Tuesday, September 18, 2012

It's All Over Now

A few days ago my older brother celebrated his birthday.  We're grown-ups and apparently the rules say that grown-ups aren't allowed to make a big deal about any birthday not ending in zero, so we don't often celebrate our birthdays together.  Still, I have always marked his birthday as the end of my summer, just as my birthday (in mid-May) begins summer for me.  When we were children, my birthday meant that I could spend four months saying I was only a year younger than he. But his birthday shoved me further back into the "little sister" area.  That bothered me then.
 
Happy Birthday, Mokey Doo-Dah. 
Sorry about you being so old.


If you want, I can start keeping track of our age differences correctly from now on.
Love,
Honour

P.S. Could you somehow communicate to Corey's garden that summer is over? It seems to think that it's allowed to go on and on indefinitely.

Thursday, September 6, 2012

Late Summer Joys

{With Willa}
 
An impromptu sprinkler run
A bowl of sweet cherries
Fresh corn stuck between your teeth
Family outings in perfect evening light


August has ended now, and September has brought cooler mornings and shortening daylight.  Do we welcome Autumn? Yes.  But it's hard to say good bye to our good friend, Summertime.

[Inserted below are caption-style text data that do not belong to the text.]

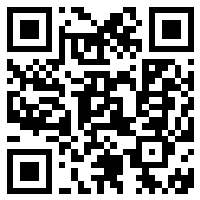 QR Code for LdXFMvY7PbKLPycBKzM2ZmFjUPmVzbyNT9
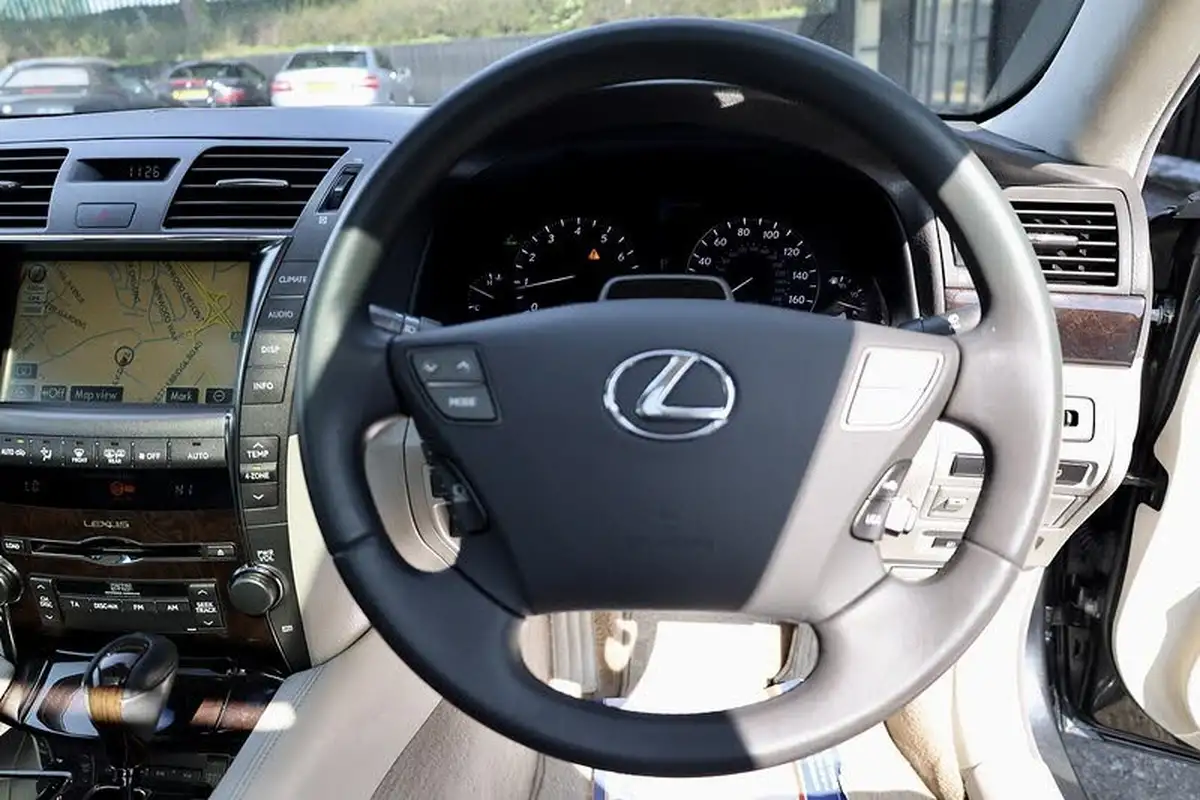 2008-lexus-ls-460-46-se-l-big-45
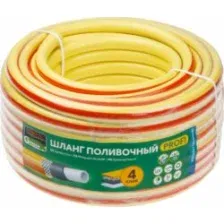 Шланг поливочный 5/8″ 25м STARTUL GARDEN PROFI (ST6206-5/8-25)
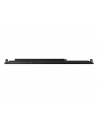 Samsung Monitor Interaktywny Wa75F  (LH75WAFWLGCXEN) - nr 25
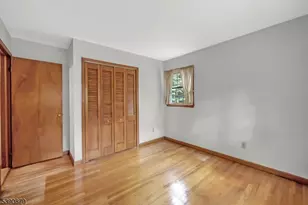 16 Valley Rd, Kinnelon, NJ 07405 - Photo 22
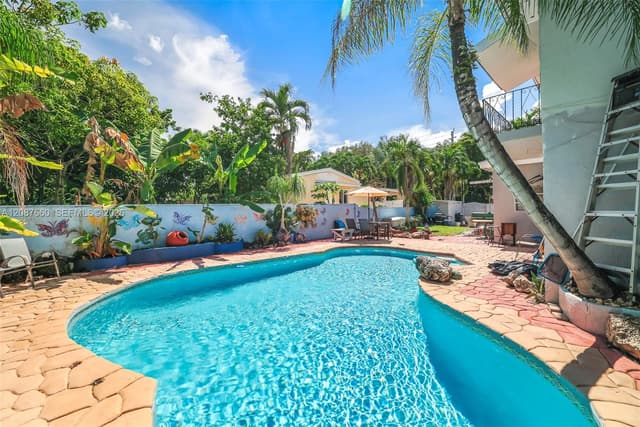 800 NE 144th St, North Miami FL 33161 - North Miami, FL - Photo 7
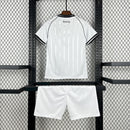 BOTAFOGO III 25/26 CONJUNTO INFANTIL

Wednesday, September 5, 2012

Complaints Rehashed

On this ridiculously early morning, perspective matters.  I may have to shake my sleepy head a few times to get the thoughts to be more pattern and less confetti, but I'm trying to spin positively, if I must spin at all.
 
Dear GBaby,
Thanks for the quality time spent clinging to me and communicating through grunts, cries and pointing. Maybe next time we could start this at, I don't know, 6:00 a.m. instead of 4:00 a.m.? Perhaps I'm being too picky, since you are finally asleep and I did get to play a little Tetris when I'd usually just be wasting time with my eyes shut.
Breakfast in a few hours!
Love,
Mommy (or Am, as you pronounce it)
 
Shoot.
I think I almost lost the outlook I wanted to keep in this situation.
Oh yes, here it is.
 
Dear God,
Thank you for inventing coffee and for not making rules about how many cups a day I can consume.
Love,
Me
 
If I re-examine the recently irritating parts of my life, I'm sure I would find a better way of looking at these situations.
 
Dear Garden,
Could you just take a break for just a bit on the vegetable production?  I'm a little tired of washing, cutting, freezing, canning. I have other things to do.
Love,
The Gardener's Wife
 
This one is pretty easy.
 
Dear God,
Thanks for the food. I really like to eat and it is so nice to have nutritious food to give my family.  And thanks for the abundance so that we can expect to eat from our garden this winter.
Love,
Me
 
It's actually embarrassing to admit to irritation over surplus. Pretend with me that I wasn't irritated.
 
Dear Brothers and Sisters,
Did you really have to move so far away? We are, you know, part of a family.  I love you and miss you and... I mean, I may have to plead a kidney from one of you someday.  Except that no one else in the world understands coffee love/addiction like we do, so I guess I'll just hope that all of our kidneys make it.  Anyway, I know that our close-knit family of ten has morphed into a squalling mass of people that don't fit into one living room and we're all used to different households and standards of "clean and orderly," but don't we love each other still? Don't we have enough love to overcome the differences and the distances between us?
Love,
Sobbing Sister
 
This one is a little harder to turn around. I miss my family. A buncha lot.
 
Dear God,
Thank you for providing for all my brothers and sisters, even if that provision isn't close to me. Thank you that they are healthy and happy.  Thank you for letting me love them enough to miss them.  And thanks for creating telephones and the internets and Kleenex.
Love,
Me.
 
Ok. Now I'm crying a little bit. But it is ok because the makeup that's washing off is from yesterday.  Can we count tears as part of a facial cleansing routine?
 
Dear {Guilty} Housework Conscience,
That dream about mice crawling all over the kitchen and my mother calling to remind me to do a load of laundry once in a while was a little bit over the top, even for you.  Could we please just readjust to the season of life we're in now? You know, that season with lots of children too small to be big help around the house and too big to make small messes?  Because I've also got that lack of sleep thing going on.
Love, Sincerely,
The Homemaker
 
I find this irritation a little bit humorous, although maybe I should find it a bit disturbing.
 
Dear God,
Thank you for making cats that live on the back porch and guard my house.  And also, thank you that my mother doesn't keep track of when I do laundry.  And incidentally, thanks for the modern conveniences (like dishwashers, indoor plumbing and washing machines) that leave me enough time in the day to teach my kids their math facts.
Love,
Me
 
I have to go attend to those modern conveniences now, but I think I can see a trend in this silly little exercise.  The irritations (and even the sibling melancholy) are not going away, and they may be joined by new annoyances.  Addressing my thoughts to the unhappy situation will not get me anywhere but in the mulligrubs.  However, if I rearrange my thinking toward my Creator, I find reasons to be thankful amidst the exasperating state of affairs.  I think God can handle my complaining. He's big enough.